▶ [YOUR OBJECTIVE]:
A full and exact copy of the listing that follows is needed.

▶ [DATA PROVIDED]:
+===+

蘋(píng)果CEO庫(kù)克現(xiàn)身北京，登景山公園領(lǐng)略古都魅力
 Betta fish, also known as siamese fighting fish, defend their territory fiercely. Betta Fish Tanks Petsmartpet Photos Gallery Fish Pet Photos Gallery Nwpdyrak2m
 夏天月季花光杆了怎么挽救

+===+

▶ [FINAL ANSWER]:
蘋(píng)果CEO庫(kù)克現(xiàn)身北京，登景山公園領(lǐng)略古都魅力
 Betta fish, also known as siamese fighting fish, defend their territory fiercely. Betta Fish Tanks Petsmartpet Photos Gallery Fish Pet Photos Gallery Nwpdyrak2m
 夏天月季花光杆了怎么挽救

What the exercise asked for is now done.